Material provided ▸
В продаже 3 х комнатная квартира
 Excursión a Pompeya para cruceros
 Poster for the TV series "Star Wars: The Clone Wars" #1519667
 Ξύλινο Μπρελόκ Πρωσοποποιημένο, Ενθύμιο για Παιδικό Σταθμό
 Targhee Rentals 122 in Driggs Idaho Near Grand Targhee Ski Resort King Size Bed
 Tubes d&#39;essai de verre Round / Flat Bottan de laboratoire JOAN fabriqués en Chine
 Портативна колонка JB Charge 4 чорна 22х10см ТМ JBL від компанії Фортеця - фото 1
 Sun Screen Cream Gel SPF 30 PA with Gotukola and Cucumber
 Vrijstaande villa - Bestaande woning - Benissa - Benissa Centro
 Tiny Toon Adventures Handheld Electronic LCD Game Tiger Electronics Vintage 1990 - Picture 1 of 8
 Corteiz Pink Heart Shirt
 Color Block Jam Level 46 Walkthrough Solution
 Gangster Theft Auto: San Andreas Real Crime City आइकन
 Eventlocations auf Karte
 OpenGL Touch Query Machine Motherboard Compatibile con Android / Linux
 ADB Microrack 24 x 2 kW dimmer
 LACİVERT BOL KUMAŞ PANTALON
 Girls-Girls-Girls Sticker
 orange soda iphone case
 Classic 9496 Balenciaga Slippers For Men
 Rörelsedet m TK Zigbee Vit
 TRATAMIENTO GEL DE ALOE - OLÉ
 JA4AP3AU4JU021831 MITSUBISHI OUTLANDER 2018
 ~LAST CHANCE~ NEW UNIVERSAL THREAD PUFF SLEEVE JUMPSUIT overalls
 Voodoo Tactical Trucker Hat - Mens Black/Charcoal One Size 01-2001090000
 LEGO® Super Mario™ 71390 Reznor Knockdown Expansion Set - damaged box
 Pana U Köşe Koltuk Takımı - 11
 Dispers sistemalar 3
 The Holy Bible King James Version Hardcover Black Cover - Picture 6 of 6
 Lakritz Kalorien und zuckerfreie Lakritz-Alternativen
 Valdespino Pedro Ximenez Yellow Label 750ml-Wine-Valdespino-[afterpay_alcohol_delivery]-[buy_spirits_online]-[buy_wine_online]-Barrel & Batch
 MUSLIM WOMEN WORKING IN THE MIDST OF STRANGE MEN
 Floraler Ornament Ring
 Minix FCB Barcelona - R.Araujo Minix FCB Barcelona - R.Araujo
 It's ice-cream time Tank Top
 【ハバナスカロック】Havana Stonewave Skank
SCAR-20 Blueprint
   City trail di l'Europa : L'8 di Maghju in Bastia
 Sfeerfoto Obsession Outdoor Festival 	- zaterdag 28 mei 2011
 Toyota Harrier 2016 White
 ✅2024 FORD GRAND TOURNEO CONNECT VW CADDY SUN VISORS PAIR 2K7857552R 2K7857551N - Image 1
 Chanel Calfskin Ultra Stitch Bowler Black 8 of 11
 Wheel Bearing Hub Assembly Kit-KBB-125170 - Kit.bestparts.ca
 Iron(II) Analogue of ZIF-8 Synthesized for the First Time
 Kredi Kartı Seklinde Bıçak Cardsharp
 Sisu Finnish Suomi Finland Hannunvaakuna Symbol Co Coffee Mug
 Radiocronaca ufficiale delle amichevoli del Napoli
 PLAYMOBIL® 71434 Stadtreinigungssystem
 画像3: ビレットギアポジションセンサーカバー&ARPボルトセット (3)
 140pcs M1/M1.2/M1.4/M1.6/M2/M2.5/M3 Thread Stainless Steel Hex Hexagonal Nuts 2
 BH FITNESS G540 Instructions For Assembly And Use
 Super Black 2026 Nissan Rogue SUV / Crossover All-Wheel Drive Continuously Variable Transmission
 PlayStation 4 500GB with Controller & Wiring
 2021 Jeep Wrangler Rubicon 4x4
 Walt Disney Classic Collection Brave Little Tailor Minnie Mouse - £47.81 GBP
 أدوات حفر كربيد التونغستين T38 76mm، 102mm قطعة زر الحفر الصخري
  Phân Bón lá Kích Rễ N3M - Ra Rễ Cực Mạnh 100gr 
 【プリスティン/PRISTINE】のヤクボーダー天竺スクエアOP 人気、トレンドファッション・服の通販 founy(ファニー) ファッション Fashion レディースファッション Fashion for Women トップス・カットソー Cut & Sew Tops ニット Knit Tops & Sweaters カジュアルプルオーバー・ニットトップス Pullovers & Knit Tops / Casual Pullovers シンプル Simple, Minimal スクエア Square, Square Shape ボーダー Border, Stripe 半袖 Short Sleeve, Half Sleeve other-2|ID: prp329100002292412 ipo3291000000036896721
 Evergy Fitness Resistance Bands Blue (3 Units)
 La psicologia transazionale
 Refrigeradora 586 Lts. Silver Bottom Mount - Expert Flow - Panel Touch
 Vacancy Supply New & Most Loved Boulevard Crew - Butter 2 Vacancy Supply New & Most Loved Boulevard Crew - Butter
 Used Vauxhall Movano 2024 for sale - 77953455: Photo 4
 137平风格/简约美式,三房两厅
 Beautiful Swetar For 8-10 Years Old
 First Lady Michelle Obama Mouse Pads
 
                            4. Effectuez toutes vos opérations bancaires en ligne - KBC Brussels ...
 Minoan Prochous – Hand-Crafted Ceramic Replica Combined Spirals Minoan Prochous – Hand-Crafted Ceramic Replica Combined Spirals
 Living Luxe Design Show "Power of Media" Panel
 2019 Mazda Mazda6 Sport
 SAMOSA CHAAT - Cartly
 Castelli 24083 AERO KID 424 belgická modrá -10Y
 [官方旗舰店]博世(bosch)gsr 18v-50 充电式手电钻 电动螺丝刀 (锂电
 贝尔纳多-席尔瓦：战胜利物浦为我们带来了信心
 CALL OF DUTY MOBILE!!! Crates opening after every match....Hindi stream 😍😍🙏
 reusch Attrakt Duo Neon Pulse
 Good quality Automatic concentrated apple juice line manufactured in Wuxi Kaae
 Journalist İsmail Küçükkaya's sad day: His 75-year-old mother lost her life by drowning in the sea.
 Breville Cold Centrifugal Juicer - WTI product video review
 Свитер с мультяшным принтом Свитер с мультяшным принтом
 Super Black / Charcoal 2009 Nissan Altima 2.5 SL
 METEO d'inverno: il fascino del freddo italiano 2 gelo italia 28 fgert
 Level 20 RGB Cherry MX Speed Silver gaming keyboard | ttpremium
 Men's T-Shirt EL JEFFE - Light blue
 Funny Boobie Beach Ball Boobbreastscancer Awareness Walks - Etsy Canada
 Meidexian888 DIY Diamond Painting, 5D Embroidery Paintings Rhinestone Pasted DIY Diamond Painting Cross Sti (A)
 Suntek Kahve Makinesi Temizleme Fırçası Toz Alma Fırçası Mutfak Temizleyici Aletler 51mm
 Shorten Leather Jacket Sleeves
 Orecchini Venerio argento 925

How to complete this task ▸ In the listing above, transcribe exactly everything from the line containing "Tiny Toon Adventures" down to the line containing "Classic 9496 Balenciaga Slippers For Men", including both and nothing more.

Result of the task ▸
 Tiny Toon Adventures Handheld Electronic LCD Game Tiger Electronics Vintage 1990 - Picture 1 of 8
 Corteiz Pink Heart Shirt
 Color Block Jam Level 46 Walkthrough Solution
 Gangster Theft Auto: San Andreas Real Crime City आइकन
 Eventlocations auf Karte
 OpenGL Touch Query Machine Motherboard Compatibile con Android / Linux
 ADB Microrack 24 x 2 kW dimmer
 LACİVERT BOL KUMAŞ PANTALON
 Girls-Girls-Girls Sticker
 orange soda iphone case
 Classic 9496 Balenciaga Slippers For Men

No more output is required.